役に没頭しすぎない「冷静でいなきゃできない」
「役に引っ張られるとか、そういうの全然ないんです(笑)。撮影中も、役と自分を分けている…はずですし。とは言え、分かれきってはいないと思いますけど。ただ、(役に)没頭しすぎるほうが危険な気はして。演じるって、冷静でいなきゃできないことだとも思う。抑えたり、出したり。頭で考えながらしなきゃいけないことは絶対にあって。感情のままドバッと行くほうが気持ちいいかもしれないけど。素直に生きちゃいけない場だと、僕は思っています」。
「そんなふうに考える自分が嫌いですけどね」と呟いてからの、冒頭の一言。「言わなきゃよかった(笑)」と茶目っ気まじりの後悔を見せるが、作品を重ね、キャリアを充実させていく中、その“冷静な器用さ”は見抜かれ始めているよう。
「監督など作り手の方々からは、『映画を撮りたい人でしょ?』と言われます。実際、そういう気持ちもありますし。全体を見て、『ここはこうだから』と理論的に考えたくなる。だから、共演者の方々と、それぞれの考えを持ち寄り、互いに意見を交換し合いながら作り上げていく時間が楽しい。面白いですよね、作品づくりって」。

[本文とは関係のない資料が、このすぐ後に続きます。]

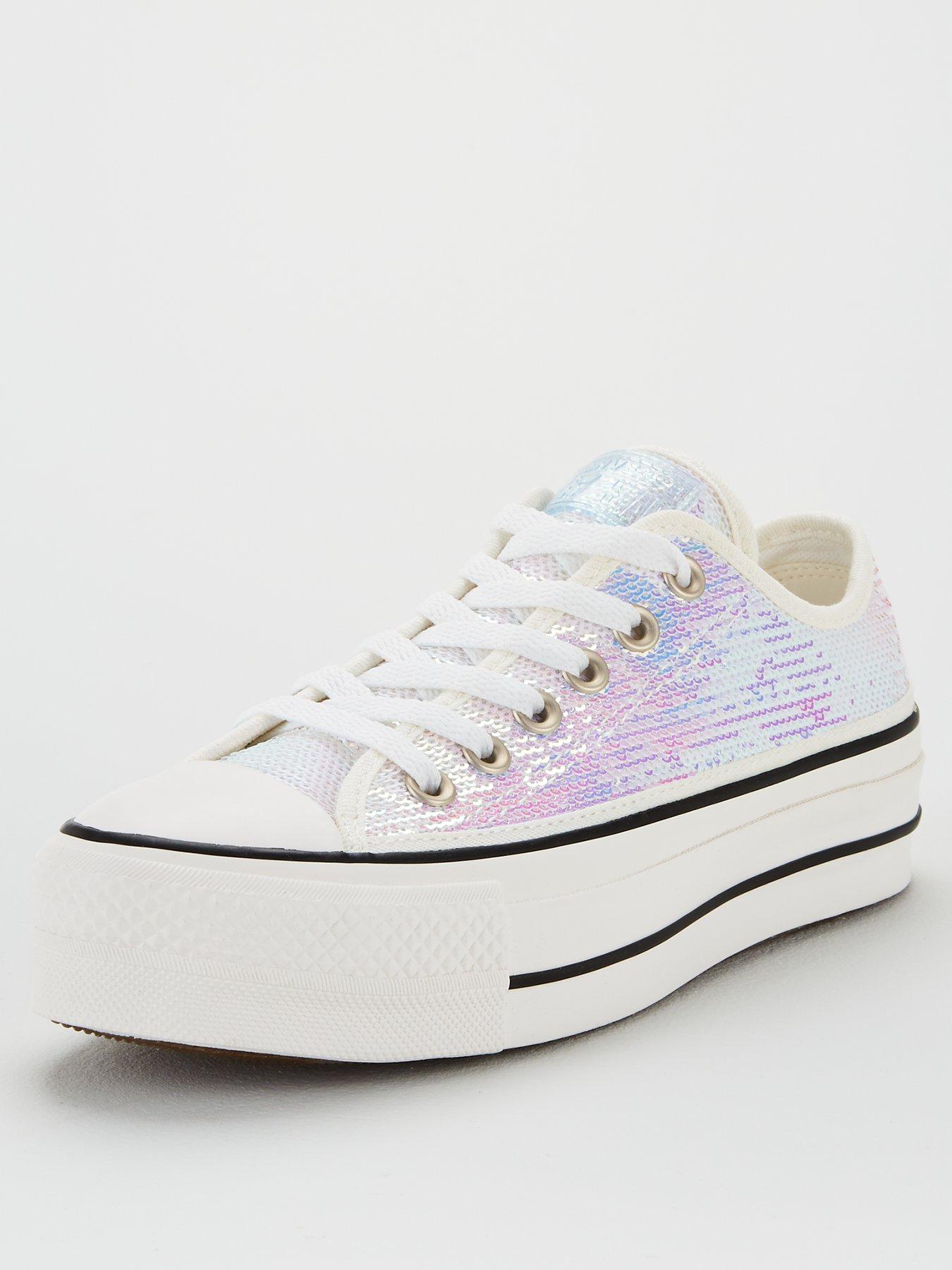 white platform converse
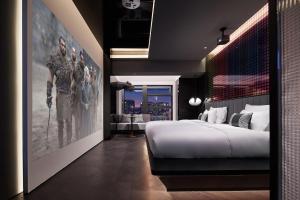 Tempat tidur dalam kamar di ISEYA Design Hotel - Chengdu Taikoo Li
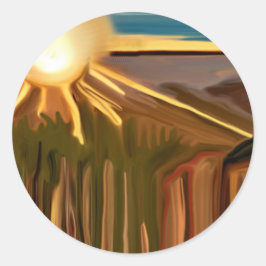 Pegatina Redonda Danza del arte abstracto de Cacti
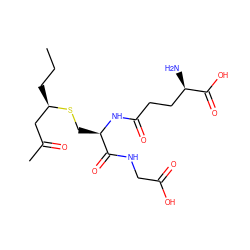 CCC[C@H](CC(C)=O)SC[C@@H](NC(=O)CC[C@@H](N)C(=O)O)C(=O)NCC(=O)O ZINC000028104072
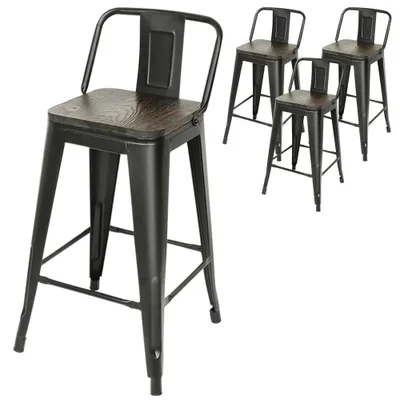 Zdjęcie produktu dla Zestaw 4 krzesła barowych - metalowe krzesła z oparciem - wysokość 84 cm - możliwość układania w stos - styl vintage industrialny - idealne do baru, bistra i tarasu - kolor czarny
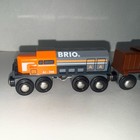 Brio Wooden Railway Aj-306 Box Cars Train   Engine Set Vguc Thomas Compatible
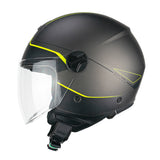 CGM 167G FLO WAY Casco Jet Antracita Amarillo Fluo Satinado Largo - CASCO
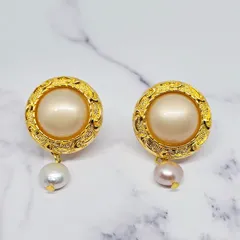 淡水パール イヤリング ホワイト ゴールド 揺れる 上品 結婚式 お呼ばれ フォーマル 一点物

そんな成田さんの出演作『窮鼠はチーズの夢を見る』で演じた今ヶ瀬渉は、「僕自身とは距離がある人」。大学時代の先輩・大伴恭一(大倉忠義)に再会した今ヶ瀬は、ずっと溜め込んできた彼への恋心をぶつけ始める。優柔不断で流されやすい恭一を、ぐいぐいとねじ伏せるかのように。